Can someone explain what is going on? Why is the optimization not working and why is the shader longer when I compiled with cg 3.0?
Take a note that I removed comments from the compiled shaders.
This might not be a real answer to the problem but maybe give some more insight. I inspected the generated assembly code a bit and converted it back to high-level code. I tried to compress it as much as possible and remove all copies and temporaries that follow implicitly from the high-level operations. I used b variables as temporary bools and fs as temporary floats. The first one (with the 2.2 version) is:
power = ( c > 0.0 ) ? vValue : ( 1.0 - vValue );
R1 = tex2D( palette, float2( power, 0.0 ) );
vRealValue = abs( vValue - 0.5 );
b1 = ( tValue < th1 );
b2 = ( tValue <= th2 );
b3 = b1;
b1 = b1 && b2 && ( vRealValue > th0 );
R1 = b1 ? R1 : BackGroundColor;
color = ( b2 && !b3 ) ? float4( 0.0, tValue, 0.0, 1.0 ) : R1;
and the second (with 3.0) is:
vRealValue = abs( vValue - 0.5 );
f0 = c;
b0 = ( 0 < f0 );
b1 = ( tValue < th1 );
b2 = ( tValue <= th2 );
b4 = b1 && b2 && ( vRealValue > th0 );
b0 = b0;
b3 = b1;
power = ( b4 && !b0 ) ? ( 1.0 - vValue ) : vValue;
R1 = tex2D( palette, float2( power, 0.0 ) );
R1 = b4 ? R1 : BackGroundColor;
color = ( b2 && !b3 ) ? float4( 0.0, tValue, 0.0, 1.0 ) : R1;
Most parts are essentially the same. The second program does some unneccessary operations. It copies the c variable into a temporary instead of using it directly. Moreover does it switch vValue and 1-vValue in the power computation, so it needs to negate b0 (resulting in one more CMP), whereas the first one does not use a temporary at all (it uses CMP directly instead of SLT and CMP). It also uses b4 in this computation, which is completely unneccessary, because when b4 is false, the result of the texture access is irrelevant, anyway. This results in one more && (implemented with MUL). There is also the unneccessary copy from b1 to b3 (in the first program it is neccessary, but not in the second). And the extremely useless copy from b0 into itself (which is disguised as an ABS, but as the value comes from an SLT, it can only be 0.0 or 1.0 and the ABS degenerates to a MOV).

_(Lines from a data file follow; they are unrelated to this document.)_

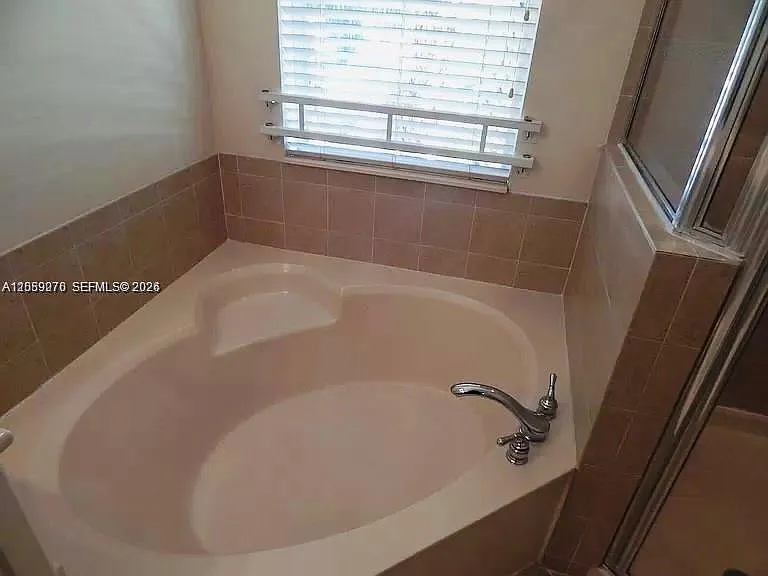 8444 SW 29th St #103 — Photo 4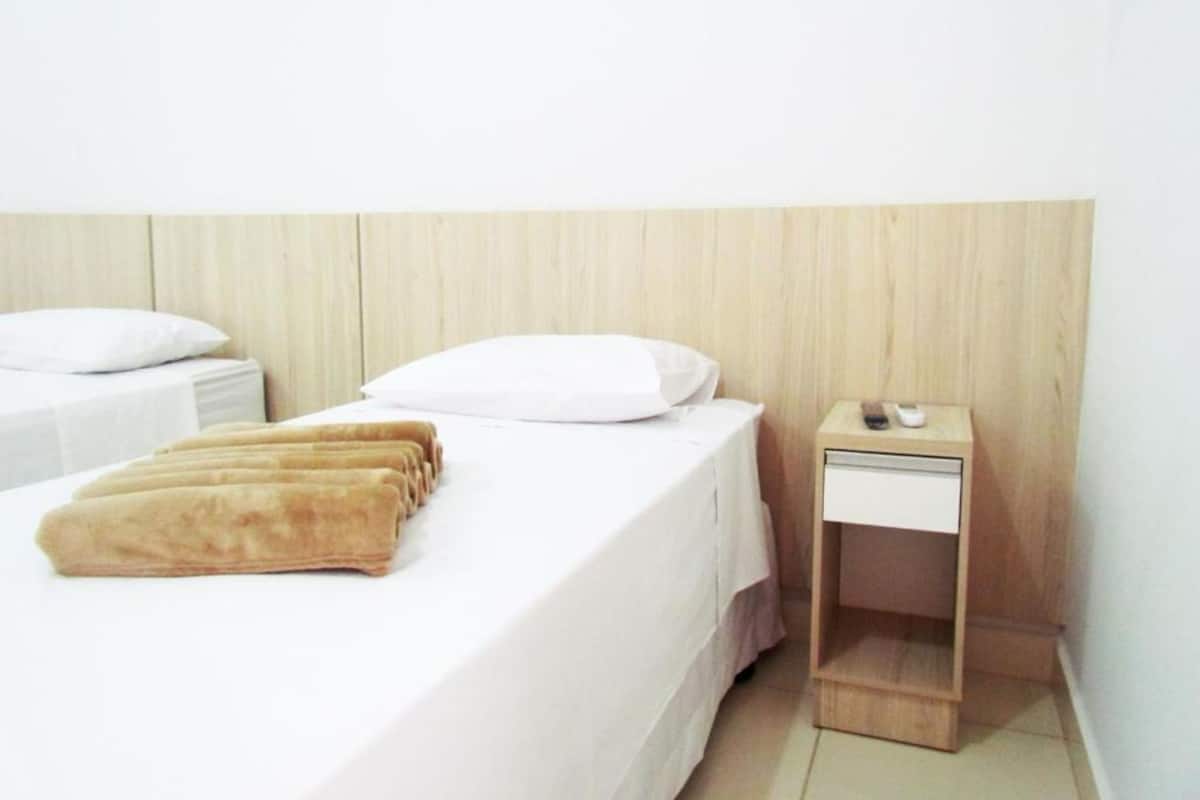Family Room | WiFi (free), bed sheets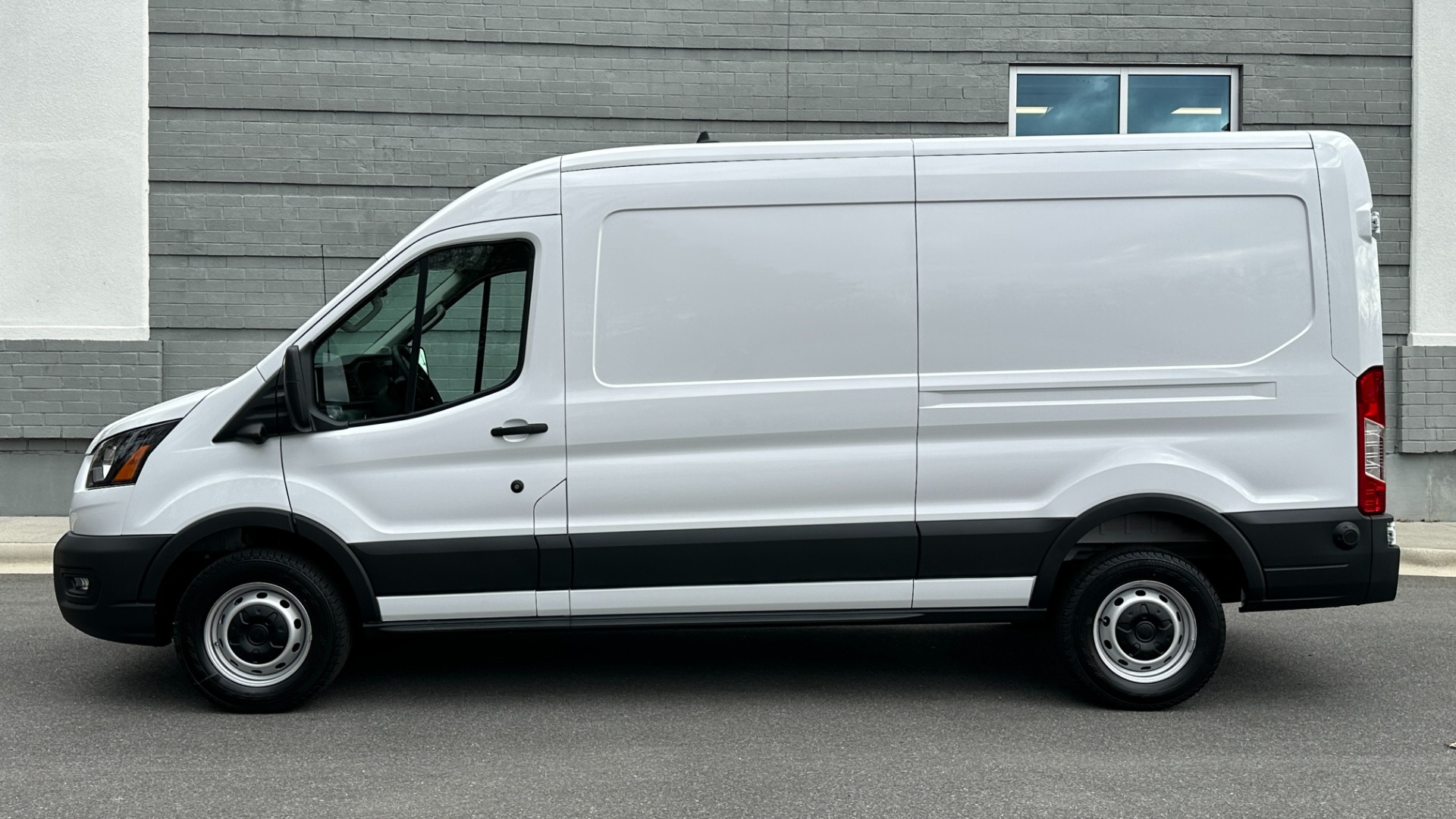 Used 2023 Ford Transit Cargo Van 350 / MEDIUM ROOF / LONG WHEEL BASE / 3DR / SYNC 4 NAV / 360 DEGREE CAMERA for sale $65,995 at Formula Imports in Charlotte NC 28227 3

So the second program is quite similar to the first one with just some additional, but IMHO completely useless instructions. The optimizer seems to have done a worse job compared to the previous(!) version. As the Cg compiler is an nVidia product (and not from some other not to be named graphics company) this behaviour is really strange.